Down East 2013 ©
Bristling with simplicity, Maine lobster pounds, clam shacks, and other restaurants where the fish practically swim onto your plate are very nearly faultless.
In some ways, these beloved strongholds contend with Maine’s growing reputation as a serious food region, but the inexorable allure of fried clams, lobster, baked beans, whoopee pies, and Moxie are local necessities.
Yet, it’s nice to have both—both the serious food and the seriously simple food—at our disposal.
For some reason we feel the need to rank restaurants like these, and I wonder, is there really one lobster pound or clam shack in Maine that is the best? Why Red’s Eats lobster roll, for example, still rates as Maine’s number one confounds me. The lines are ridiculously long for an event that’s ultimately anti-climactic. [Editor's Note: Down East is the publisher of Red's Eats: World's Best Lobster Shack .]
I’ve never understood the appeal of a lobster roll anyway. I’d rather have lobster fresh out of the shell rather than stuffed into a doughy roll. I suppose it’s like saying baked ham is better than a ham sandwich.
But the best lobster pounds have an ineluctable appeal. When it’s found on a wharf that stretches out to the cold, gleaming sea, the scenery can be as magnificent as the crustacean.
Probably the best lobster I’ve ever had was in the small fishing village of Friendship, where I was renting a house for the summer. I went down to the village dock and asked the dock master for some lobster. He said, “Hey, whaddaya know, the boat’s coming in now.” It couldn’t get any better or fresher.
My two favorite lobster pounds remain Miller’s Lobster in Spruce Head and Five Islands Lobster at the tip of the Georgetown peninsula.
Miller’s is an old time family business that’s located off Route 73. There are signs everywhere on the road. On Wheeler Bay looking out to the greater reaches of Muscongus Bay, the setting is steely but divine. Nearby is Waterman’s Lobster, another popular summer haunt with a similar feel and menu to Miller’s. But I prefer Miller’s.
They don’t have a fryolater so the menu is pure lobster, steamed clams, mussels, shrimp, and simple sides, like their house made Cole slaw and potato salad. It doesn’t get much better than this.
My other favorite, Five Islands Lobster, at the tip of the Georgetown peninsula, has maintained its high standards and simple charms even though it’s been “discovered” thanks to a lot of press attention. It can get somewhat crowded on weekends but not overwhelmingly.
The day I was there several weeks ago, the mainland was suffering a heat wave while the fog still hovered at the water’s edge. By the time I reached Five Islands, the temperature had fallen to 60 degrees.

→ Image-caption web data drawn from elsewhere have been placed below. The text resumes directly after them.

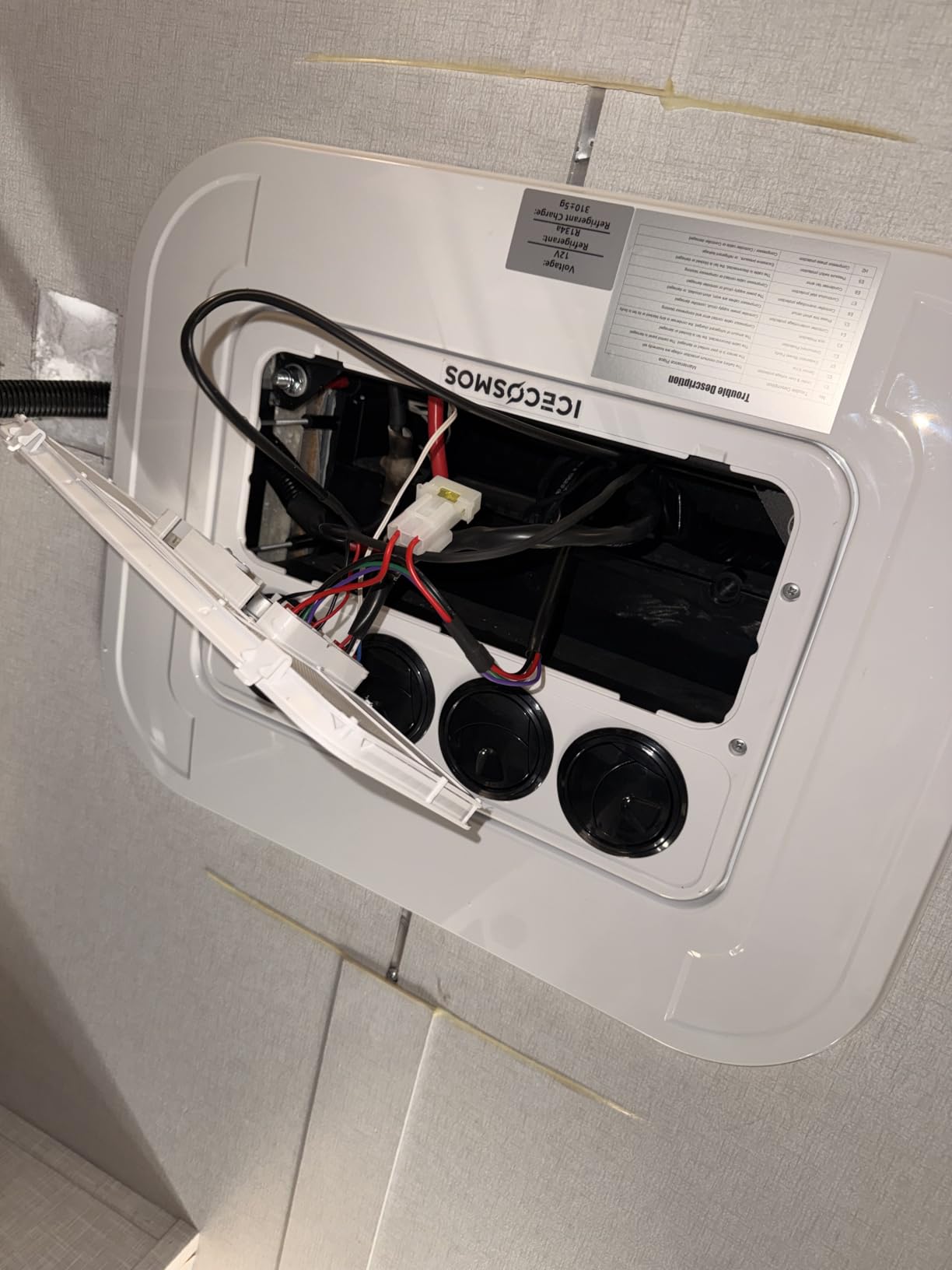 Ultra-Slim 12 Volt DC Roof Top RV Air Conditioner with Heat customer photo 2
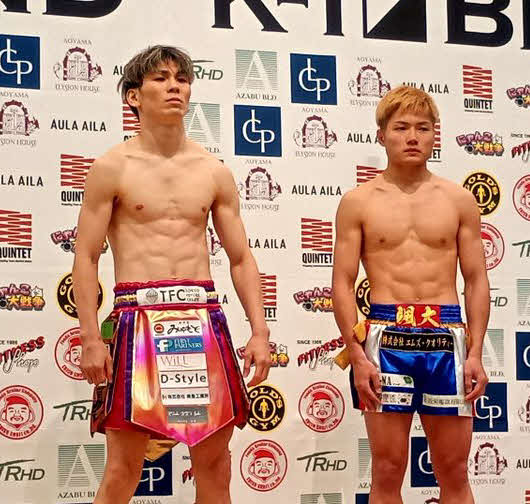 公開計量で怒りに満ちた表情を見せるレオナ・ペタス（左）と2.2キロ超で申し訳ない表情を見せる天野颯大
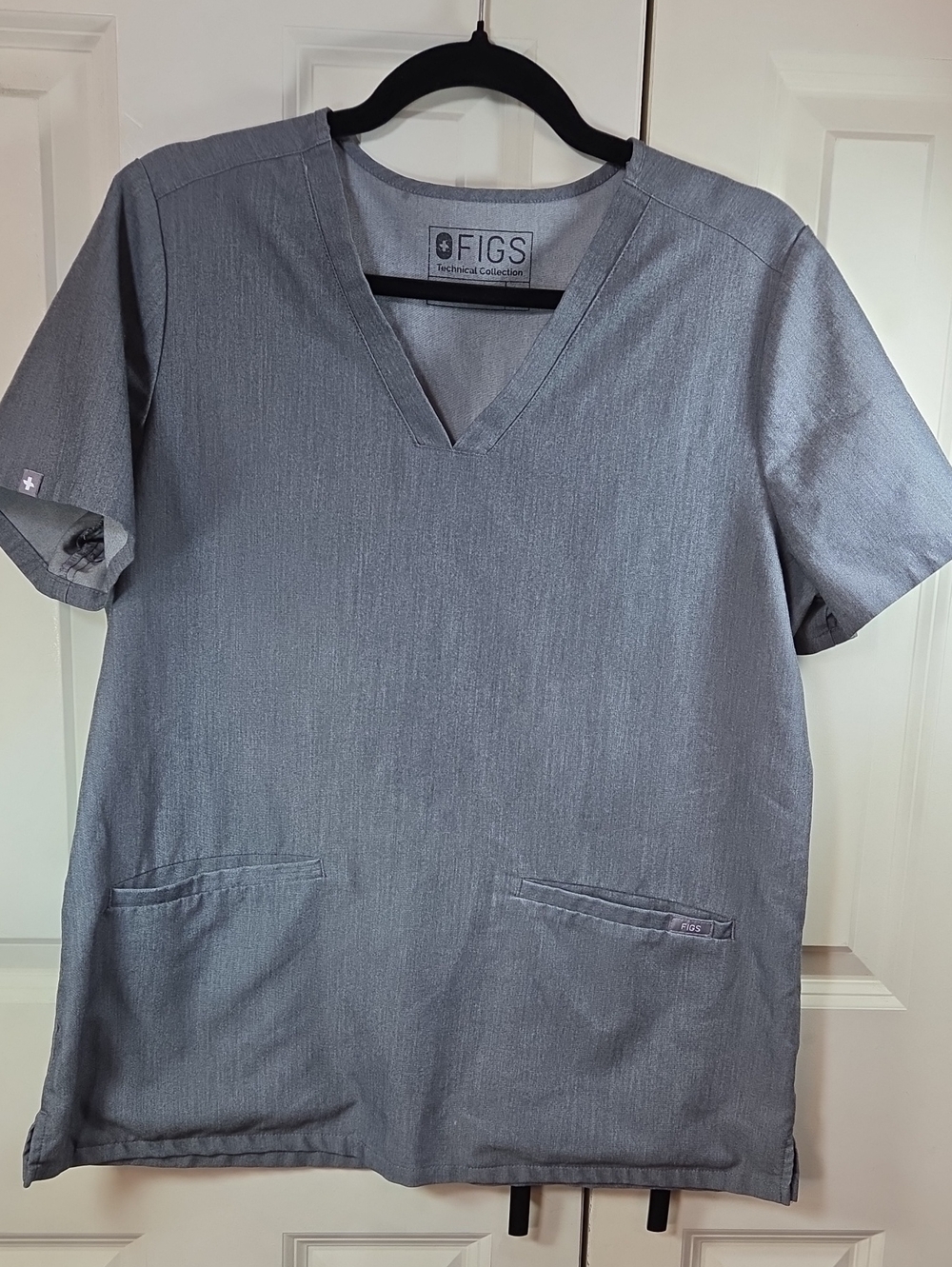 FIGS Womens V-Neck Scrub Top in Gray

The setting, through sun or fog, is pure rocky Maine coastline. On Sheepscot Bay, it overlooks Southport Island to the east and the precious wicker-world-tennis-whites summer colony of MacMahon Island, about a 3 minute boat ride from the town dock.
The Five Island’s menu is pretty encompassing, and I think they offer some of the best onion rings and fried clams available anywhere. (Down East magazine rated their fried clams the best in Maine. I don’t disagree.) The breading is highly seasoned and fried just right, and the clams are very briny and fresh tasting. Another favorite on the menu is Jenny’s Sandwich, which is a crab cake on grilled halibut served on a bun with a choice of cilantro lime or mustard dill mayonnaise. With sides of fries, onion rings, and cole slaw, the caloric binge is worth it.
What I’m looking forward to for the remainder of the summer is seeking out other pounds farther afield beyond the Midcoast to Downeast. I know there’s still a long list and when I get to them next month, I’ll report back.